Urgrund: blackened doom metal coming from a deep primal subconscious source

Häxenzijrkell, Urgrund, Germany, Amor Fati Productions, AFP210, CD digipak (2022)

A black / doom duo since forming in Essen in 2016, Häxenzirjkell – the name is a variant spelling of the German “hexenzirkel”, referring to a circle or coven of witches – gradually worked their way through small releases to their debut album “Die Nachtseite” in 2020. The musicians brought out second album “Urgrund” in early 2022; in English, the title means “Origin” or “Source” which I take to suggest that the music here comes from some deep primal subconscious well and could be an unsettling, confronting experience for unsuspecting listeners. Certainly the music sounds as if it’s coming from somewhere bleak, deep down in the musicians’ backgrounds or psyches: a disturbing place of dark compulsion or obsession that compels listeners to follow, as if through hypnosis. The slow doomy repetition and looping riffs exercise a trance-like effect, and samples of spoken-voice radio recordings bring a sinister, almost satanic aspect to the relentless flow of riff layers. In the distant black caverns behind the chainsaw roar of the guitars, screams and howls of the damned are almost continuous.

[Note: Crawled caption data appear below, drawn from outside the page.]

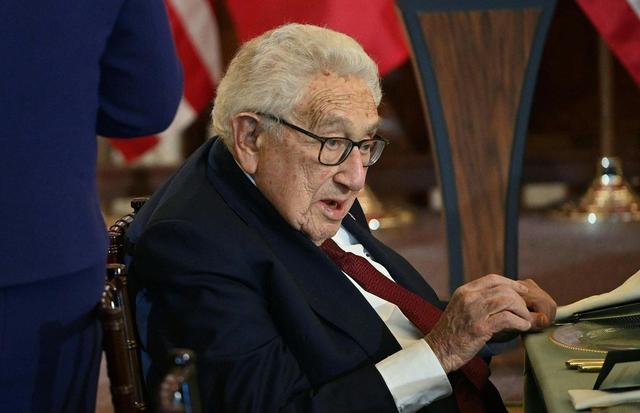 中美一旦开战，美军将全面轰炸中国？基辛格曾称：中美正走向悬崖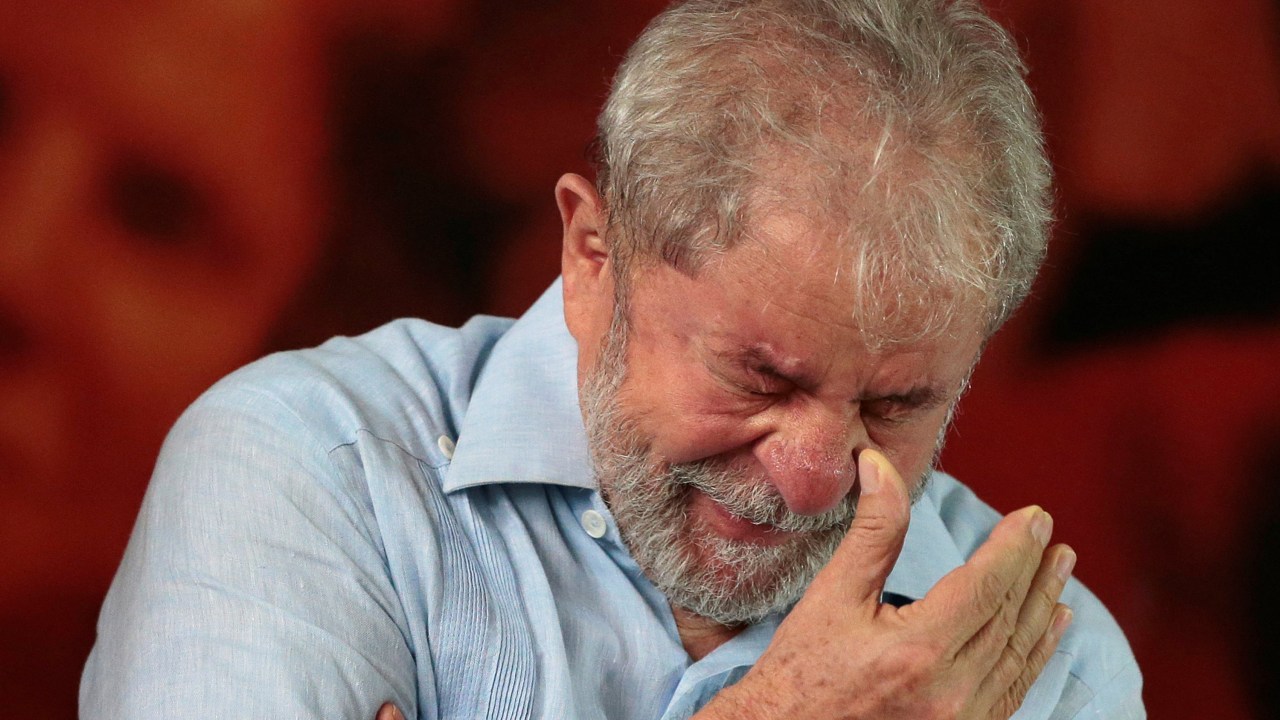 O ex-presidente Lula anuncia candidatura à Presidência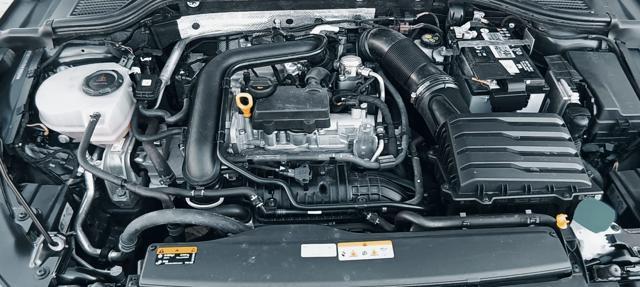 VOLKSWAGEN Golf 1.0 TSI EVO Life..anche per neopatentati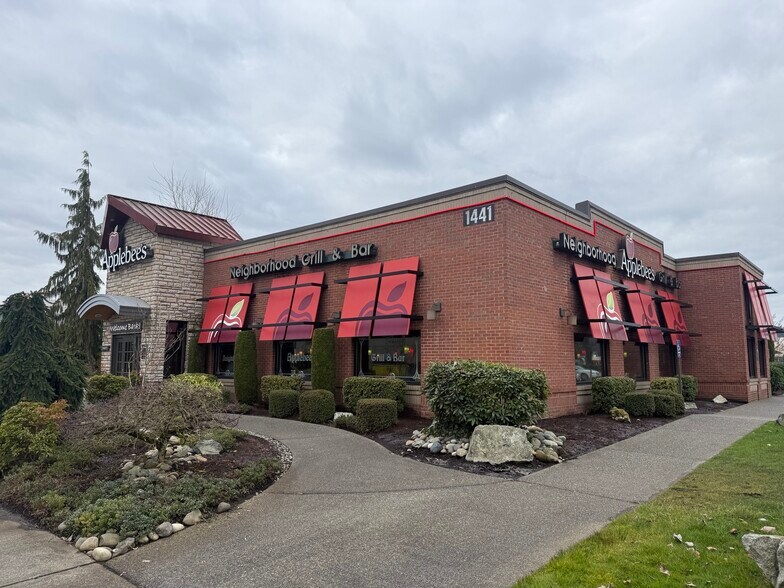 1441 D St NE, Auburn, WA à louer - Photo du bâtiment - Image 2 de 13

The album is divided into three parts with the first part, “Die Entschleierung” (“The Unveiling”) which is a whopping 18-minute atmospheric BM / doom number that hits you hard with its harsh bleak tone and production, the screaming, gibbering vocals, the music’s arduous pace and the sense of suffocation in the droning guitar grind. Now and again sinister spoken-voice recordings appear beneath the wavy guitar riffs. There is definitely the sense of a secret ritual slowly unfurling in form like a magic scroll unravelling and revealing its secret spells, and the effects those spells generate when they are exposed to air or light. On and on the music goes, its sense of near madness and chaos growing greater and more intense to an ear-shattering guitar feedback climax.

The second and third parts are shorter pieces but no less gruelling and monotonous. “Von Zeit und Form” (“Of Time and Form”) continues with the repetitive percussion and the secret ritual, the doomy and damned atmosphere and the feeling of oppression. The riffs seem more defined though as on the first track they are linked in one continuous droning progression. “Der Pfad der Finsternis” (“The Path of Darkness”) dials up the oppression and the desperation, with the screaming becoming more manic and desperate, and the pace of the music varying much more from doomy slowness to speedy urgency with heavier drumming.

It’s certainly not a recording you’d want to play late in the evening or when you’re feeling sleepy as the atmosphere can be desolate and frightening, and the guitars’ abrasive tones can be hard on the eardrums. In all three tracks, the music relies on slow linked loops of riffs, giving an impression of a continuous, undulating wave of droning guitar noise. The drumming gives a structure and backbone to the music, and brings pace. The monotony can grate on listeners and I would think that if the music were any longer than it is, the unending repetition and monotony might be more annoying than essential to the music. Some variety and development in mood, atmosphere and song structure will then become necessary. While the production style emphasises the bleakness and the disturbing occult nature of the blackened doom ritual, at the same time it robs the music of the depth and subtlety it needs and makes it seem one-dimensional.

So far Häxenzirjkell have done well with a particular song-writing format that achieves and sustains the hypnotic effect they need and want but on future albums the musicians will need a bigger and more varied set of tools and techniques to expand and deepen their music’s occult trance realms.